In some motorsport events, including Formula One, a representative of the team that won the race will also be present at the podium, with a fourth podium step, trophy and champagne. In some series, drivers are provided with a baseball cap with the logo of the series' tyre provider to wear while on the podium. In an international series, the national anthem of the winning driver, and the winning team or constructor may be played over a public address system and the flags of the drivers' countries are hoisted above them. The recordings are short versions of the national anthems, ensuring the podium ceremony stays within its allocated time. Should a driver experience problems with his car on a slow lap in Formula One, that driver is transported to the pit lane via road car by the Formula One Administration security officer.

Following the presentation of the trophies, the drivers will often spray Champagne over each other and their team members watching below, a tradition started by Dan Gurney following the 1967 24 Hours of Le Mans race. The drivers will generally refrain from spraying champagne if a fatality or major accident occurs during the event. Also, in countries where alcohol sponsorship or drinking is prohibited, alcoholic beverages may be replaced by other drinks, for example rose water.

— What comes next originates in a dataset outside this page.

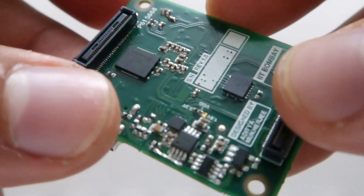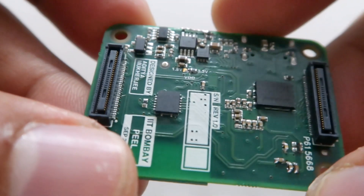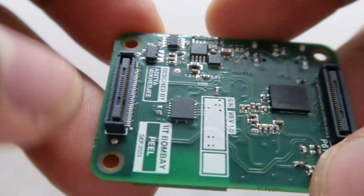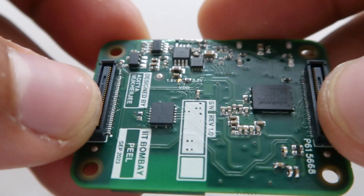If you turn it to the other side, you're going to find some more battery management ICs and power management ICs, as well as two DF40 connectors with three millimeter stacking height.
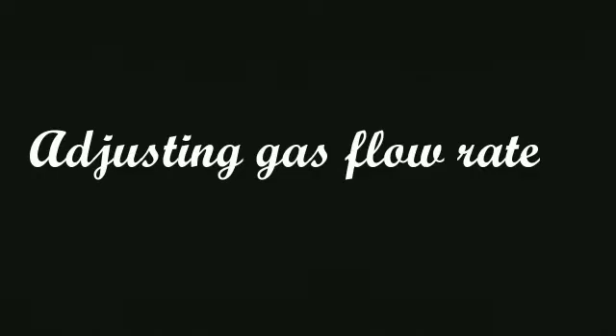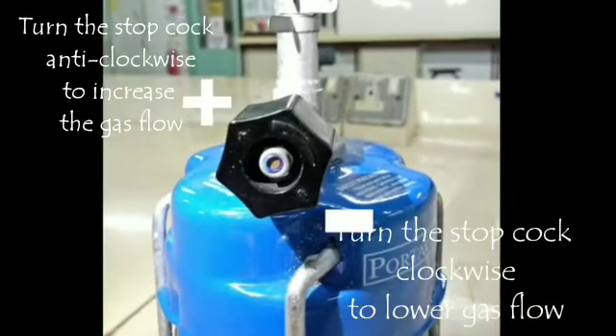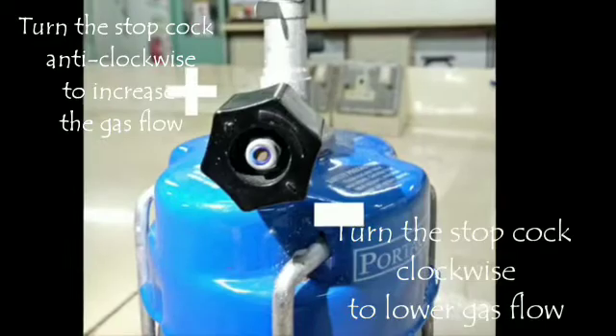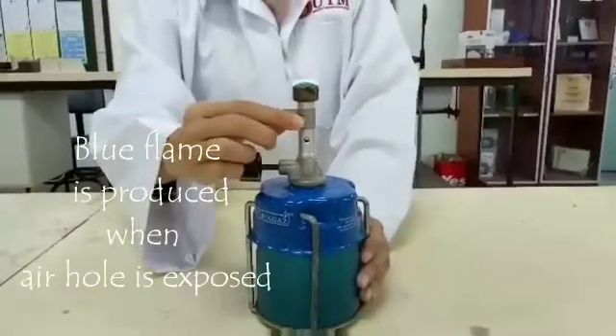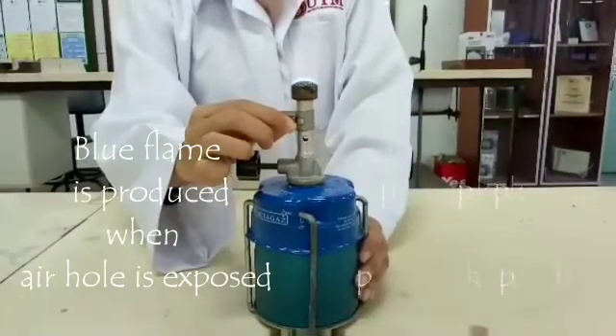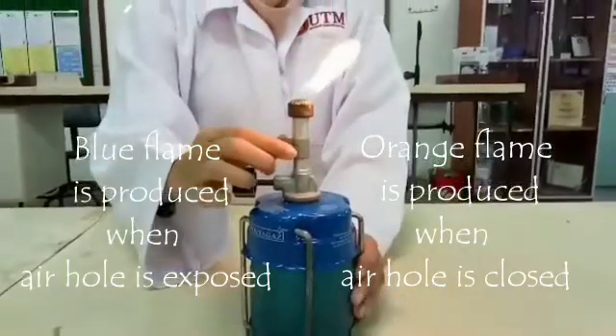Adjusting the gas flow rate. Turn the stopcock anti-clockwise to increase gas flow, and clockwise to lower gas flow. A blue flame is produced when the air hole is exposed, while an orange flame is produced when the air hole is closed.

The term has become common parlance in the media, where a driver may be said to "be heading for a podium finish" or "just missing out on a podium" when he is heading for, or just misses out on a top three finish. The NASCAR Cup Series, the highest level of stock car racing in the United States, does not use a podium in post-game events or statistics. Instead, the winning team celebrates in victory lane, and top-five and top-ten finishes are recognized statistically. Those finishing second to fifth are required to stop in a media bullpen located on pit lane for interviews. The INDYCAR NTT IndyCar Series does not use a podium at either the Indianapolis 500 or at Texas Motor Speedway. The Indy 500 has a long tradition of the winning driver and team celebrating in victory lane, while Texas Motor Speedway president Eddie Gossage has stated that victory lane should be reserved for the winner of the race. The series uses a podium at all other races, particularly road course events.

==In architecture==

Architectural podiums consist of a projecting base or pedestal at ground level, and they have been used since ancient times. Originally sometimes only meters tall, architectural podiums have become more prominent in buildings over time, as illustrated in the gallery.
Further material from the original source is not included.